INFORMATION SUPPLIED Start Marker
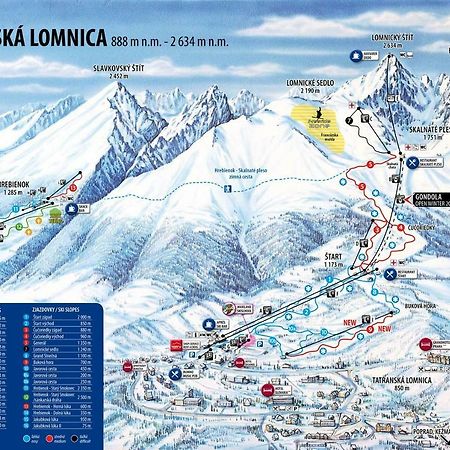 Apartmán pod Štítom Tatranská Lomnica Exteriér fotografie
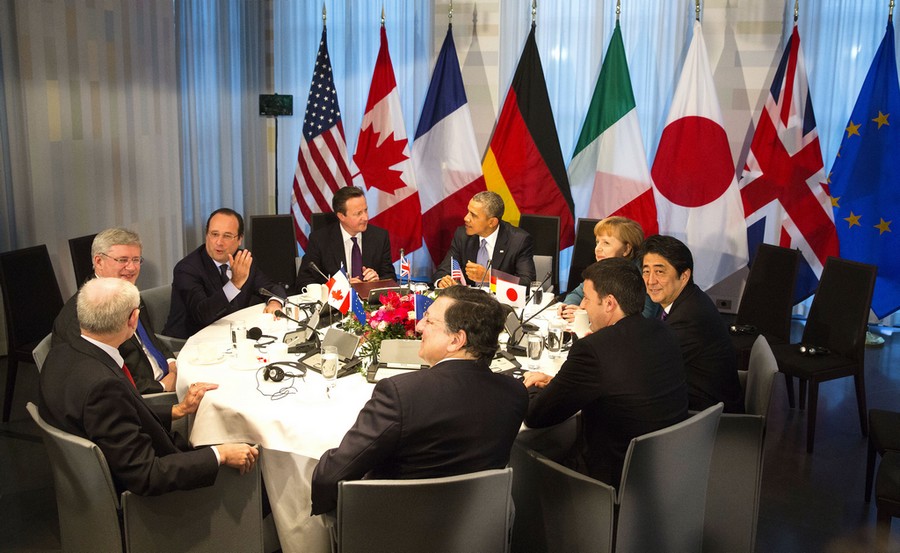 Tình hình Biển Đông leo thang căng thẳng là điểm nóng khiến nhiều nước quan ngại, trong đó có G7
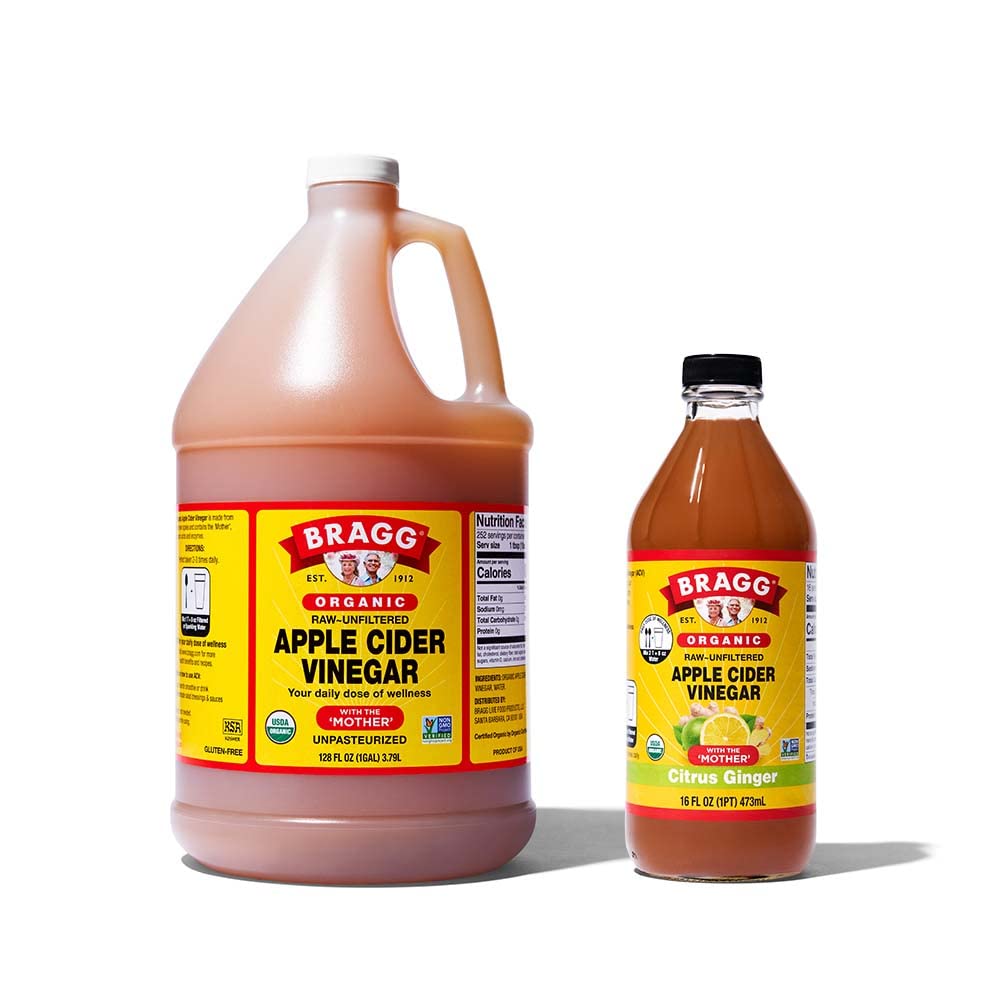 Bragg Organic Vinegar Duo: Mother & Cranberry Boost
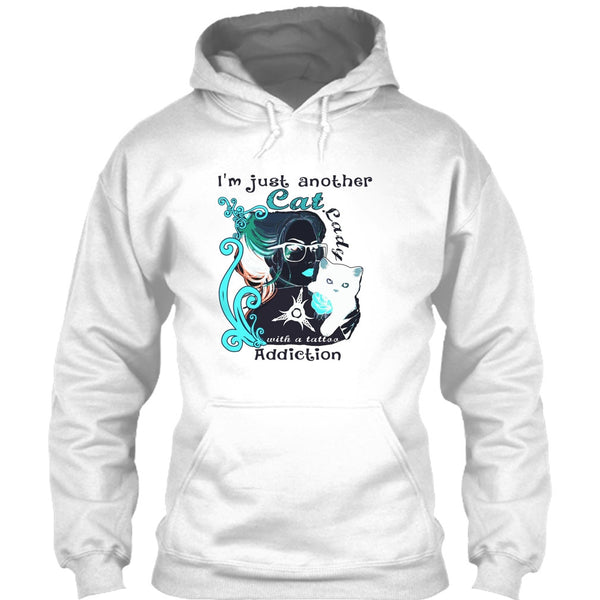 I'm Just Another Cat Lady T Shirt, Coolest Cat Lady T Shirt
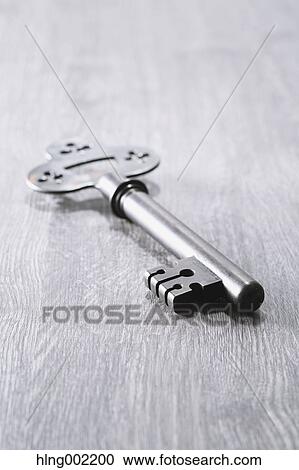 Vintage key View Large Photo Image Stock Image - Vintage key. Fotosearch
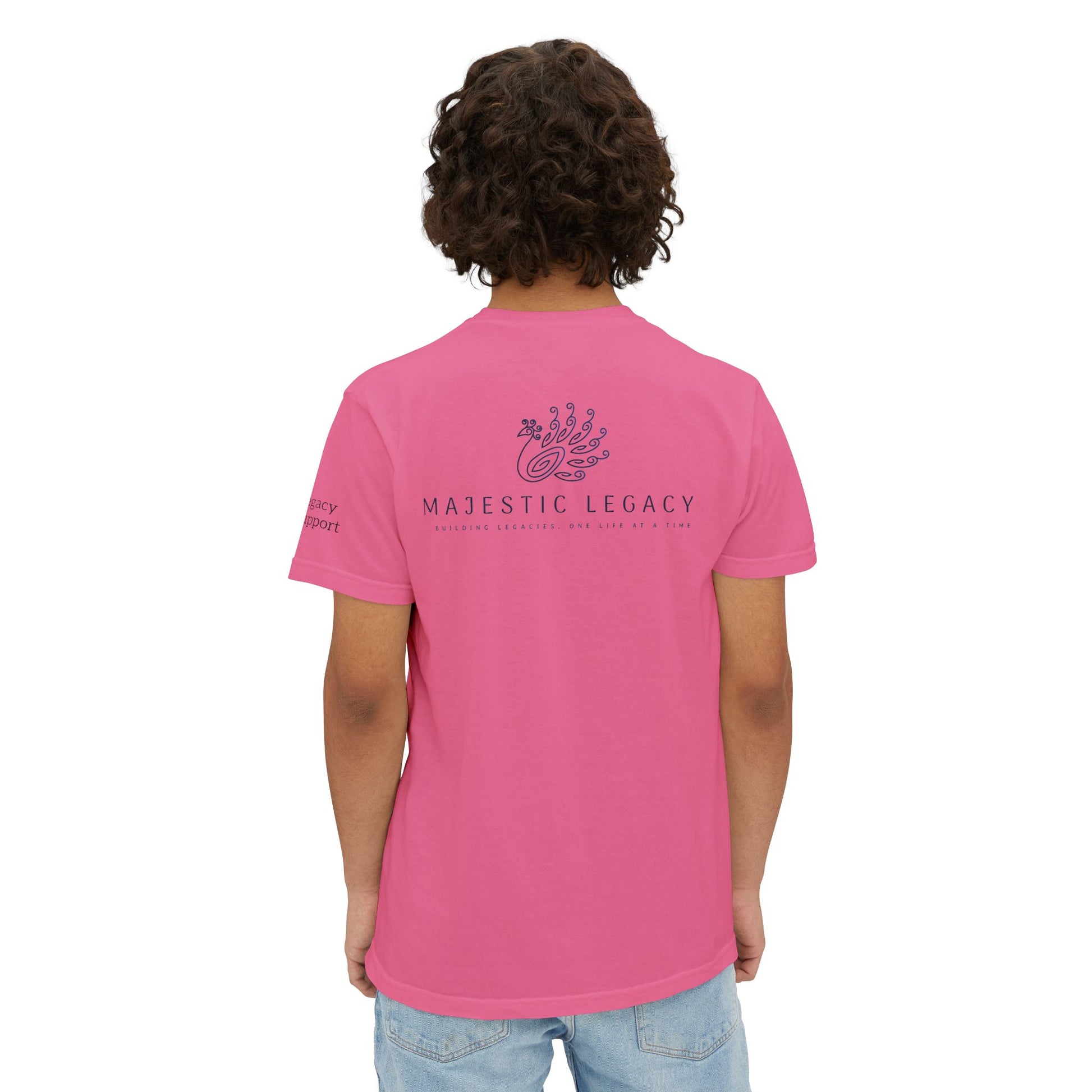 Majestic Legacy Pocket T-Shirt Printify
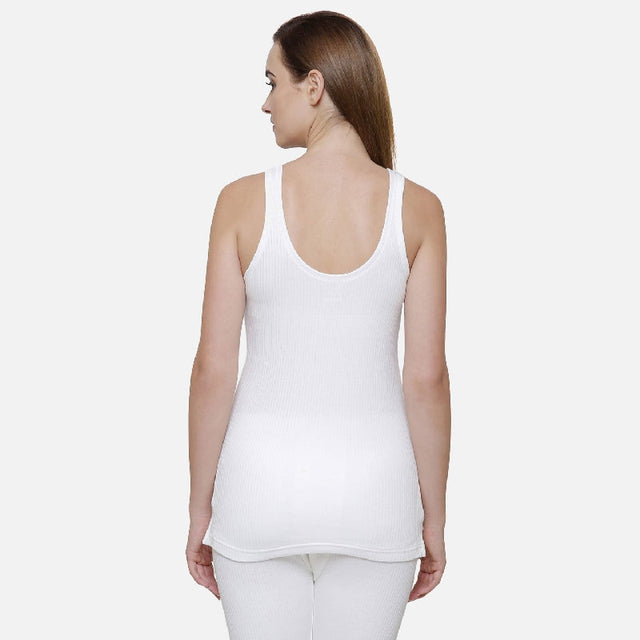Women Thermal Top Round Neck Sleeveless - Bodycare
INFORMATION SUPPLIED End Marker
▸ **WHAT THE TASK REQUIRES**
All entries should be restated word for word; no images belong in the copy.

▸ **WRITTEN SOLUTION**
 Apartmán pod Štítom Tatranská Lomnica Exteriér fotografie
 Tình hình Biển Đông leo thang căng thẳng là điểm nóng khiến nhiều nước quan ngại, trong đó có G7
 Bragg Organic Vinegar Duo: Mother & Cranberry Boost
 I'm Just Another Cat Lady T Shirt, Coolest Cat Lady T Shirt
 Vintage key View Large Photo Image Stock Image - Vintage key. Fotosearch
 Majestic Legacy Pocket T-Shirt Printify
Women Thermal Top Round Neck Sleeveless - Bodycare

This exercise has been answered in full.